Maurice Freund (/fr/; 15 July 1943 – 9 May 2026) was a French businessman and tourism personality.

Freund often wrote of his travels and of sustainable development, notably developing charters to make air travel more affordable in the 1970s.

==Life and career==
Born in Guebwiller on 15 July 1943, Freund was the only son of Auguste Freund, a Malgré-nous soldier who was forcefully conscripted into the German armed forces. His father passed away in 1957 just after his Camp 188, so Maurice was raised by his mother, who worked in the potash mines of Alsace. He was expelled from school at 14 and worked for the same mine as his mother until he trained as an electrician. In January 1963, he began his military service before joining the nonprofit Point Mulhouse, which promoted the construction of a youth chalet at Le Markstein. He then began work at a Peugeot factory and joined the French Confederation of Christian Workers.
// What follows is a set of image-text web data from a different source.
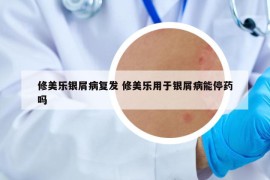 修美乐银屑病复发 修美乐用于银屑病能停药吗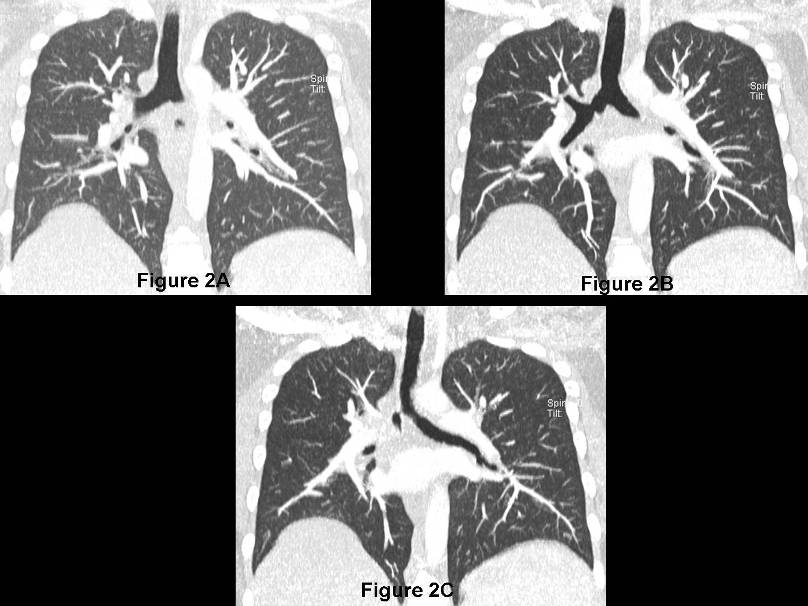 Radiograph 2 from archived case 79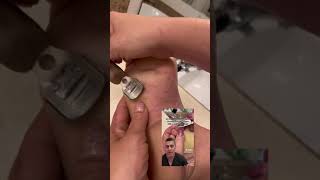 Podiatrist POV on EPPK Keratoderma Callus Hyperkeratosis and how I shave it  Jun 14 2023 [upl. by Adlesirc84]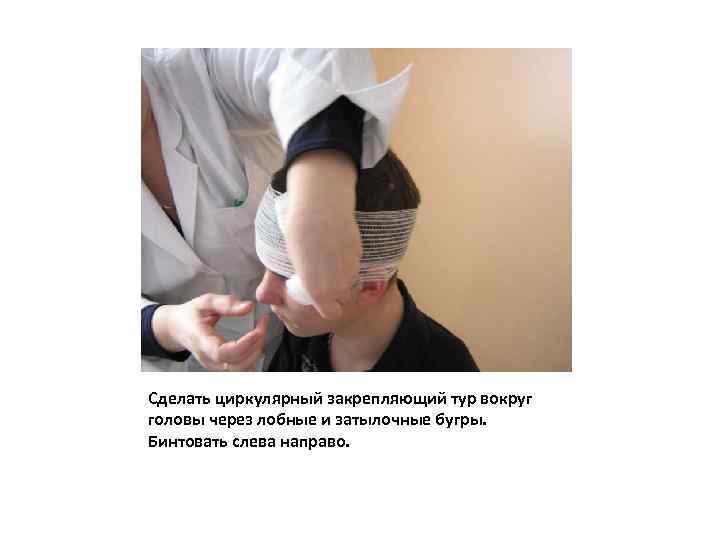 Сделать циркулярный закрепляющий тур вокруг головы через лобные и затылочные бугры. Бинтовать слева направо.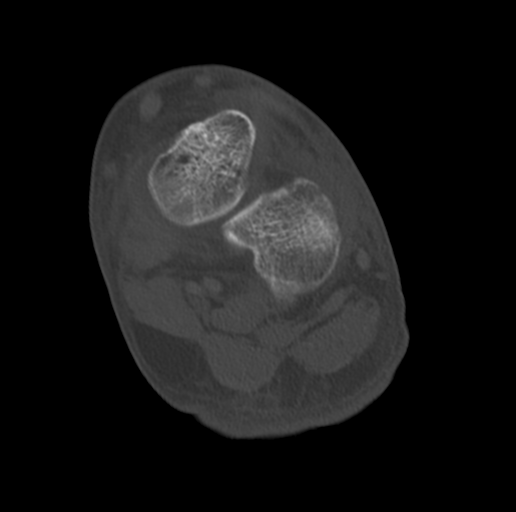 Anterior calcaneal process fracture (Radiopaedia 47384-51989 Coronal bone window 53).png
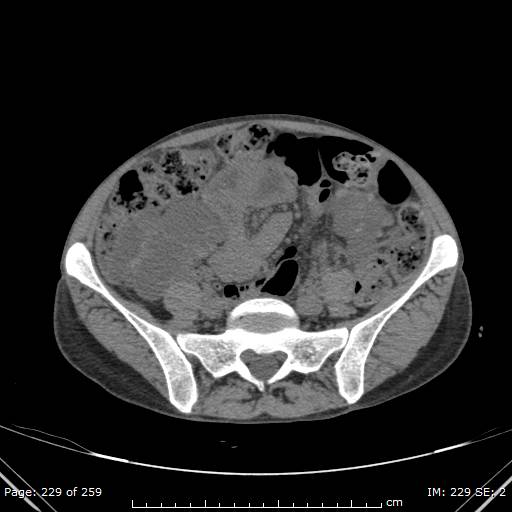 Autosomal dominant polycystic kidney disease (Radiopaedia 44122-47684 Axial non-contrast 82).jpg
In 1969, Point Mulhouse began to charter flights to destinations such as London, New Delhi, and Naples, which arose his personal interest in aviation. In 1980, he founded Point Air alongside Point Mulhouse, a low-cost airline, which ran flights from Basel/Mulhouse and Marseille to Ouagadougou thanks to Freund's close friendship with President of Burkina Faso Thomas Sankara. The airline went bankrupt in 1987.

Freund died in Ardèche on 9 May 2026, at the age of 82.